Data Fusion Processing for the Multi-Spectral Sensor Surveillance System (M4S)

Abstract : The Multi-Spectral Sensor Surveillance System (M4S) is a multi-year ONR-sponsored program to transition mature sensor and data fusion technology into existing and/or near-future airborne surveillance platforms. A study phase and on-board sensor data fusion concept-of-proof demonstration have been completed in 1997. This paper describes the data fusion concepts, architecture, and algorithms that have been designed and demonstrated in these efforts. The data fusion architecture selected for M4S is a distributed design in which each on-board sensor subsystem is equipped with a single-sensor tracking unit satisfying all the sensor-specific tracking needs in addition to required sensor data processing capability. Thus scan-to-scan, or frame-to-frame correlation is basically resolved on a single-sensor basis, and the outputs of each sensor-subsystem are typically single sensor tracks, or tracklets, i.e., stochastically independent fractions of tracks.
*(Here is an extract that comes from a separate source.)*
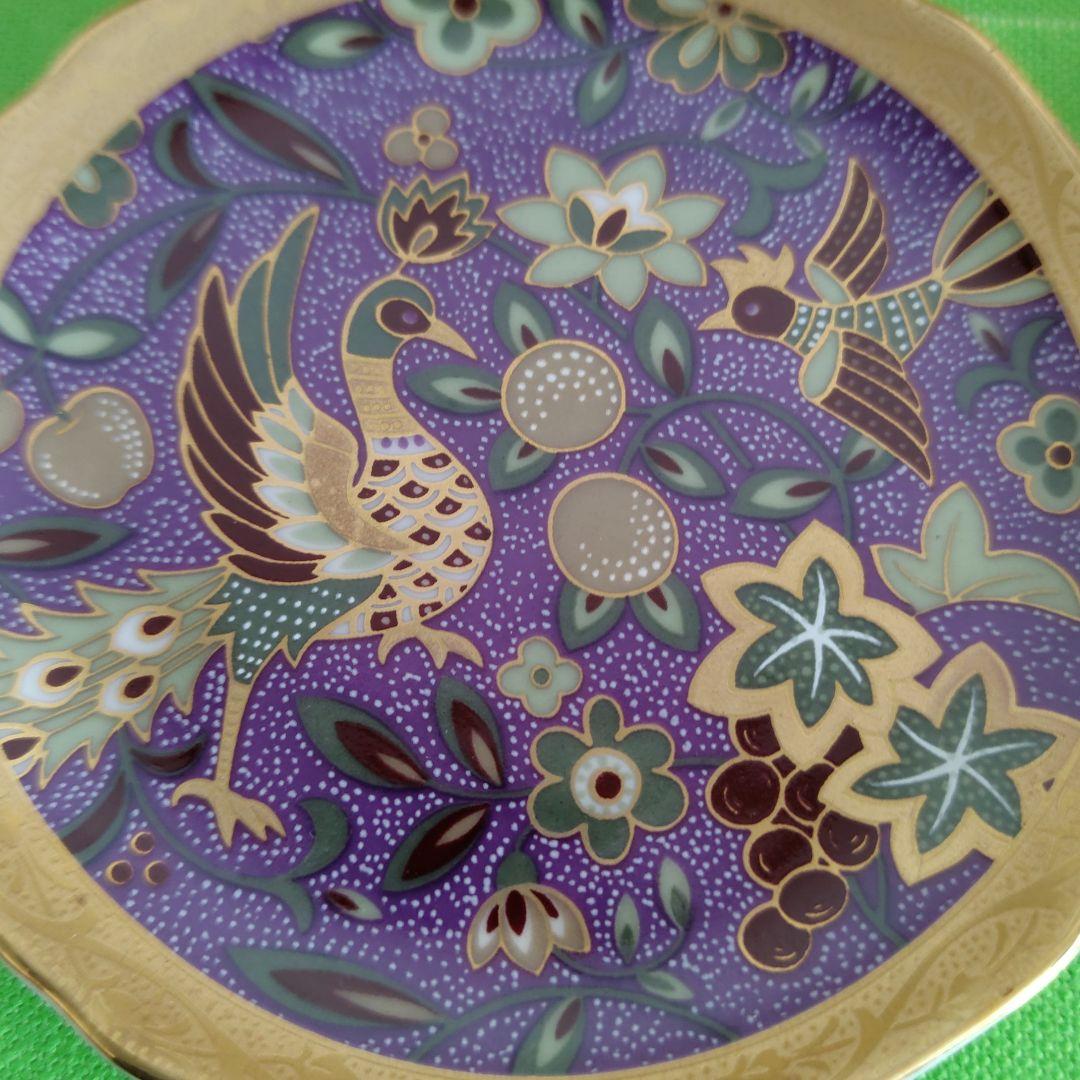 昇龍窯、ガンダーラ、金彩鳳凰図小皿５客セット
Those outputs are then fed into a centralized multi-sensor, data fusion process that performs track-to-track association analysis and fuses appropriate single-sensor tracks into multiple-sensor tracks. In this way, each sensor sub-system provides target information complementary to each other as well as reinforcing each other, in terms of both target identification and target localization, so that the central data fusion process may produce a best picture of each target of interest. This system architecture also allows each sensor-specific tracker to temporarily lose hold of some targets but to re-acquire them later, yet to maintain continuous target recognition. This data fusion process is also connected, through an external communication network, to off-board intelligence and surveillance sources, such as Rivet Joint, AWACS, U2, JSTARS, etc., to provide the system with a complete tactical picture.